HOUSTON (CN) – Ten workers injured Saturday in a fiery explosion at a suburban Houston plastics plant won a temporary restraining order Monday forcing the plant owner not to tamper with a valve suspected of setting off the blast.
The explosion Saturday morning at the Kuraray America EVAL plastics plant in Pasadena, a stone’s throw from Galveston Bay near the Houston Ship Channel, burned 21 workers.
Nineteen of them were taken by ambulance to local hospitals, while two were airlifted by helicopter.
Local media reported Saturday night that none of their injuries are life-threatening, the fire had been extinguished, and emergency officials had not issued any shelter-in-place warnings for area residents.
Attorneys Benny Agosto and Muhammad Aziz with the Houston firm Abraham, Watkins, Nichols, Sorrels, Agosto & Aziz represent 10 of the injured workers.
Representing the plant owner, Norton Rose Fulbright’s Brett Young argued Monday that an injunction is not needed now because inspectors with the Occupational Safety and Health Administration and the U.S. Chemical Safety and Hazard Investigation Board are already investigating at the plant.
“I agree in past cases Harris County Districts Courts have entered these early,” Young told Harris County District Court Judge Alexandra Smoots-Thomas at the civil courthouse in downtown Houston.
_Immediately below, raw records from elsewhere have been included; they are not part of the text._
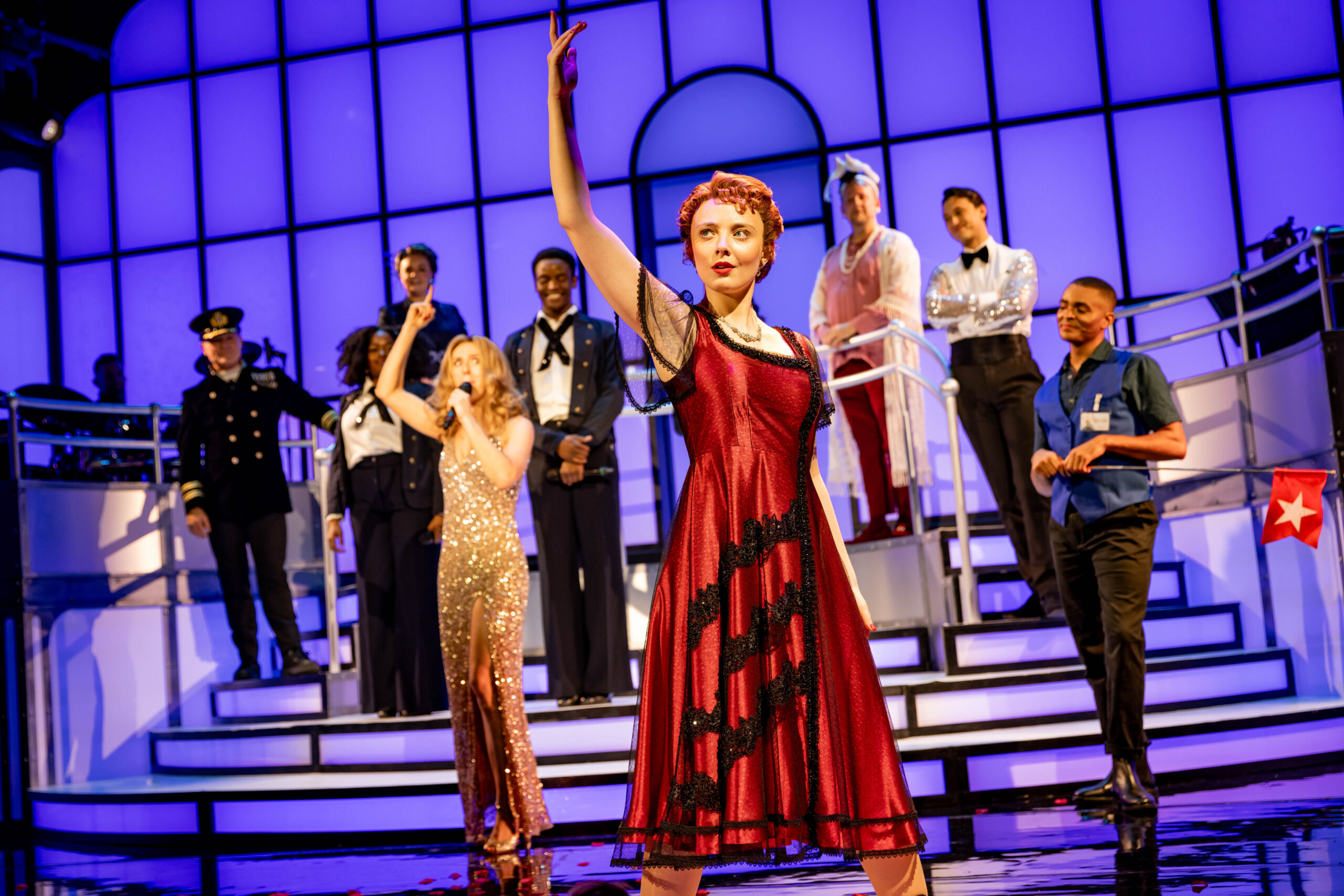 Singers on stage performing in 'Titanique' the musical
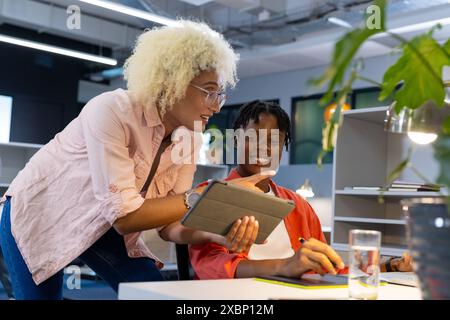 Biracial Woman arbeitet mit einem afroamerikanischen Mann mit einem Tablet zusammen Stockfoto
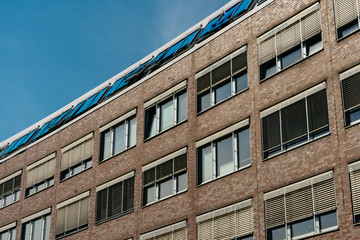 Fototapeta premium brick office building with blue blinds on the rooftop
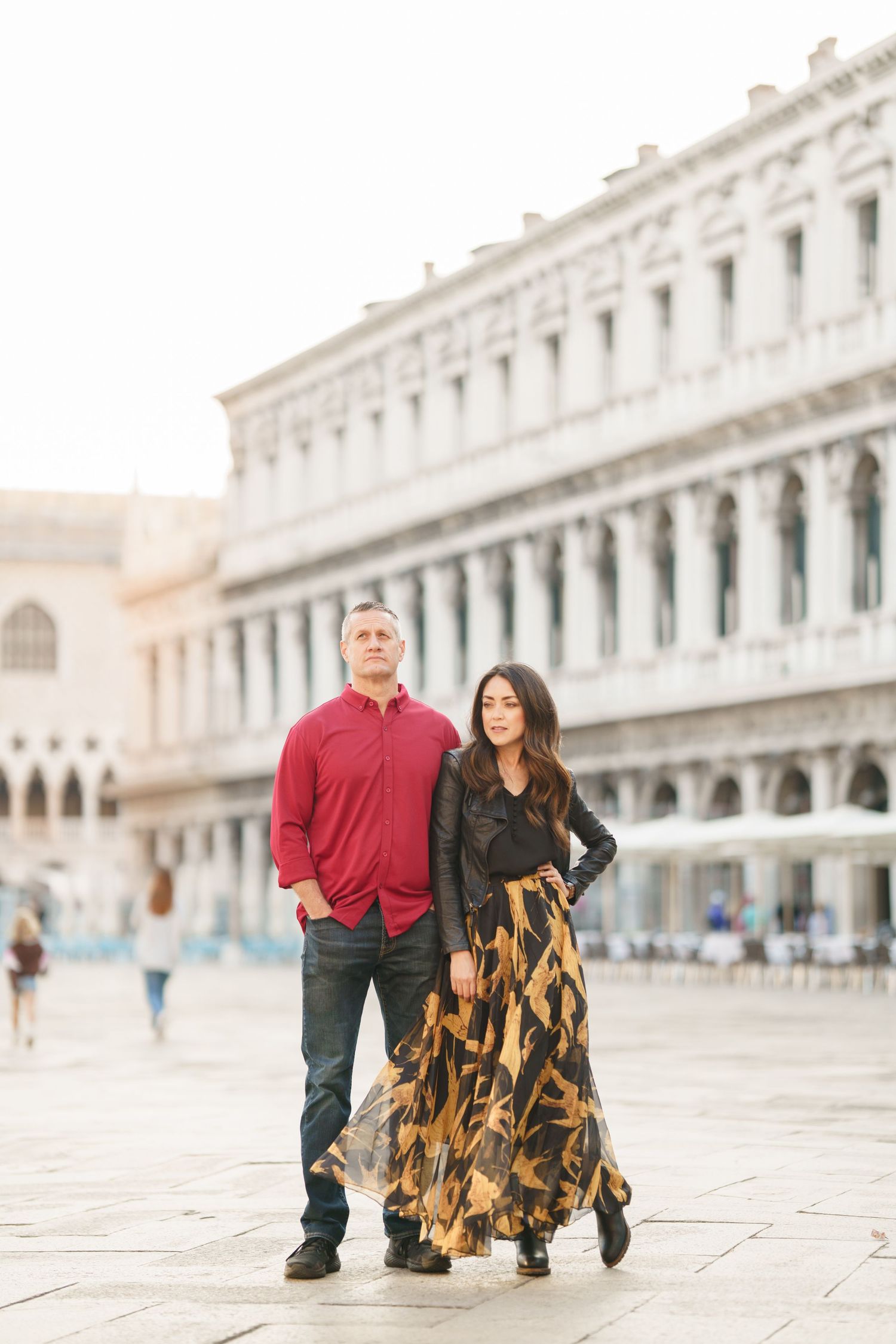 photographer veniceA couple walks together in Venice's iconic St. Mark's Square during a romantic photoshoot.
He added, “In other cases they’ve also said during the first phase of this, ‘Let’s just let the scope of the regulatory inspection work its way through the first few weeks, and then the parties will come back and agree on a long-standing protocol about what we’re going to do.’”
Smoots-Thomas granted the temporary restraining order after a 10-minute hearing and set a June 8 hearing to determine if it will be converted into a permanent injunction.
Aziz said after the hearing that his clients got what they wanted: Court jurisdiction over the accident inspection.
“I think it just gives us more control over the process because we don’t control what goes on between them and OSHA. We are not a party to that. This makes us a party to it,” he said.
Kuraray said in a statement Saturday it believes a faulty valve is to blame.
“Preliminary findings indicate a pressure safety valve released ethylene causing a flash fire in one of our process units,” the company said.
There were 266 people working at the plant when it was rocked by the explosion, and all of them have been accounted for, according to Kuraray.
Smoots-Thomas’ order mandates that Kuraray preserve all evidence relating to the accident, including photographs, videotapes, correspondence, emails, voice mail, text messages and cellphone records.
It also requires Kuraray to let Aziz, Agosto, and their firm’s investigators and expert consultants access the explosion site to take photographs and video.
The plant owner Kuraray America Inc. is a subsidiary of Tokyo-headquartered chemical maker Kuraray. Kuraray America, based in Houston, operates two other plastics plants in the Houston area.
The plant where the explosion took place opened in 1986. Already the world’s largest ethylene vinyl alcohol plant, an expansion expected to be finished before 2019 will increase its production capacity to 58,000 tons a year, the Houston Chronicle reported.
Ethylene vinyl alcohol is a plastic resin used to make food packaging, such as the plastic sleeves encasing cheese slices. It is also used in fuel tanks and home-heating pipes.
A Kuraray America spokeswoman did not immediately respond Monday when asked when the plant will reopen, and if the explosion affected operations at its other two Houston-area plants.
Another worker injured in the explosion sued Kuraray America and two staffing firms—Force Corporation and Industrial Solutions Inc. – in Harris County District Court on Sunday.
“Plaintiff was on top of a 25-foot high scaffold at the time of the explosion. As a result of the explosion and flames, plaintiff was burned significantly and was forced to jump 25 feet to the ground,” Eduardo Rodriguez says in his lawsuit.
Rodriguez seeks more than $1 million in punitive damages for his injuries, lost wages and medical expenses. He is represented by prominent Houston attorney Tony Buzbee.